2
votes

I want scrap chat messages in youtube live chat. At first, I just followed a way in "https://www.youtube.com/watch?v=W2DS6wT6_48"

But the code does not work.

The error message is

all_comments = driver.find_element_by_id("all-comments")

...

selenium.common.exceptions.NoSuchElementException: Message: {"errorMessage":"Unable to find element with id 'all-comments'","request":{"headers":{"Accept":"application/json","Accept-Encoding":"identity","Connection":"close","Content-Length":"93","Content-Type":"application/json;charset=UTF-8","Host":"127.0.0.1:12695", "User-Agent":"Python-urllib/2.7"},"httpVersion":"1.1","method":"POST","post":"{\"using\": \"id\", \"sessionId\": \"e4b63b00-fe9c-11e6-a630-0fa086b5cd8d\", \"value\": \"all-comments\"}","url":"/element","urlParsed":{"anchor":"","query":"","file":"element","directory":"/","path":"/element","relative":"/element","port":"", "host":"","password":"","user":"","userInfo":"","authority":"","protocol":"","source":"/element","queryKey":{},"chunks":["element"]},"urlOriginal":"/session/e4b63b00-fe9c-11e6-a630-0fa086b5cd8d/element"}}

What I understand is that there is no element which name is "all-comments" So, find_element_by_id has failed.

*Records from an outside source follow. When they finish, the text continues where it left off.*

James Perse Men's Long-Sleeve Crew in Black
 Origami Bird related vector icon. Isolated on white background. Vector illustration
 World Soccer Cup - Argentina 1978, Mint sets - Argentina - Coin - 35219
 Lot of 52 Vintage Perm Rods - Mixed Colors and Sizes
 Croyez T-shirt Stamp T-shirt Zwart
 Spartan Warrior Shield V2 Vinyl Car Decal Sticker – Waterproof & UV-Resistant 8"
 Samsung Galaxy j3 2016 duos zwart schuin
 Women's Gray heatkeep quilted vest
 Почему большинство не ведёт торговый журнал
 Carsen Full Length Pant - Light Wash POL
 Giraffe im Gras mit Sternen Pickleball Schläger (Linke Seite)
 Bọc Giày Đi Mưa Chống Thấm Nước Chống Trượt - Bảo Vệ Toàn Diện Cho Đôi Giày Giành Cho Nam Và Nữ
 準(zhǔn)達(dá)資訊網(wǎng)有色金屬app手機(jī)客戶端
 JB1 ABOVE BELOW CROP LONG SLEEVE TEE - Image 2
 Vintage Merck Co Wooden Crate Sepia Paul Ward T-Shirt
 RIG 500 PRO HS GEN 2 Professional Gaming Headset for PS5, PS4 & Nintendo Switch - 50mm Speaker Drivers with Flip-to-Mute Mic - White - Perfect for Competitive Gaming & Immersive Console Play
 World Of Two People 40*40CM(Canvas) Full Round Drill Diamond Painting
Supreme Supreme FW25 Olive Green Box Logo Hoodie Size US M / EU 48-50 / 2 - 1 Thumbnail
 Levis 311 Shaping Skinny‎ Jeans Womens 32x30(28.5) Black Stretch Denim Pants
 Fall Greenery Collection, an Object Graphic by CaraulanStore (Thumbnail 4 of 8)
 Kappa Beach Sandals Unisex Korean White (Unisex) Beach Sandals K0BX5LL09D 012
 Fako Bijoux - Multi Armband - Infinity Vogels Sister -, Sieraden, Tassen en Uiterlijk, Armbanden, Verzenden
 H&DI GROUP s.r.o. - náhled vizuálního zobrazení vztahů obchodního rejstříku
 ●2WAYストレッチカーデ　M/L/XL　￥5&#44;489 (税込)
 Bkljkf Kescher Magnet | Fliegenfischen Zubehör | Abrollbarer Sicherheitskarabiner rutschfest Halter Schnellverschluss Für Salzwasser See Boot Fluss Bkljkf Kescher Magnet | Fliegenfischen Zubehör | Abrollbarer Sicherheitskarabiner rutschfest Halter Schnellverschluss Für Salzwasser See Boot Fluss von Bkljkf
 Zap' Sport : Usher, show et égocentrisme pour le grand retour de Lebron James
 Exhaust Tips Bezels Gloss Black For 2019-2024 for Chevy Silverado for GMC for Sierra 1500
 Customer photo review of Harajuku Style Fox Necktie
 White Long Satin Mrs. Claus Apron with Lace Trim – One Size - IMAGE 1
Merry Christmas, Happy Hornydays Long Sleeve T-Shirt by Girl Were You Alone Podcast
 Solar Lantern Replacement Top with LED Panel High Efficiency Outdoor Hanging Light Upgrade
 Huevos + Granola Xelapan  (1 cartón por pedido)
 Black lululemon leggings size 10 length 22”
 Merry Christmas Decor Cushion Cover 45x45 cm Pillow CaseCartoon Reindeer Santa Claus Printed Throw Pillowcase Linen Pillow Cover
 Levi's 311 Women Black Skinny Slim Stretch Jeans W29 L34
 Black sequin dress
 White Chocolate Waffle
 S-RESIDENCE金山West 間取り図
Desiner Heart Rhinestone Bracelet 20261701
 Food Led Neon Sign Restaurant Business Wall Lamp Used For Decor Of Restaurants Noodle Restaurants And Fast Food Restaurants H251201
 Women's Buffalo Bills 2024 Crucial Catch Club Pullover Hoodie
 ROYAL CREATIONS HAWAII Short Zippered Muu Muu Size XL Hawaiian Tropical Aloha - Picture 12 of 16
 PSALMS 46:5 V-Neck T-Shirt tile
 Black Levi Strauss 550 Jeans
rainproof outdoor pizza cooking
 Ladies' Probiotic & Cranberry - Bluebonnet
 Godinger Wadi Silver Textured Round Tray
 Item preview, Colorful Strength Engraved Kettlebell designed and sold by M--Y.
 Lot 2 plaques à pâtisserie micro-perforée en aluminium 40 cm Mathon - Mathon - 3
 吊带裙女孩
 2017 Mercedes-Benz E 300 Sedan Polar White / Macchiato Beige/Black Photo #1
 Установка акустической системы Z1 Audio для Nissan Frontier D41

And then, I tried some id or xpath to catch chat message

enter image description here

But nothing can get chat message.

Is there something what I do wrong way?

What I do to scrap chat message?

2
I guess the chat part is loaded via Javascript. If you download the html of that page, without processing it via browser, do this ids show up? Or just disable Javascript in the brower and have a look then - Martin Krung
In the youtube video, the python code does nothing with javascript but it works at least in the video. I think that the structure of youtube page could be changed. So, I tried several id, xpath and class names. - Py K
Currently, what i found is the chat messages exist in <iframe id='live-chat-iframe' ...> ... <yt-live-chat-app> ... <div id='contents' ... > ... <span id='message' ... > chat message </span> I can find live-chat-iframe with find_element_by_id('live-chat-iframe') but find_element_by_id has failed with id 'contens' and 'message' - Py K
@FabianThommen I use browser PhantomJS to get the page. I followed [stackoverflow.com/questions/32115673/… to disable javascript. And then webdriver cannot find any element with id 'all-comment', 'comments', 'message', or 'live-chat-iframe'. - Py K
Without disabling javascript, I can get an element with id 'live-chat-iframe'. But I cannot find any element with id coments and message. Is there any way to list all elements under the element live-chat-iframe without id or class? - Py K

2 Answers

1
votes

you will never have access to the content of the iframe. this is by design. an iframe its like a browser in the browser.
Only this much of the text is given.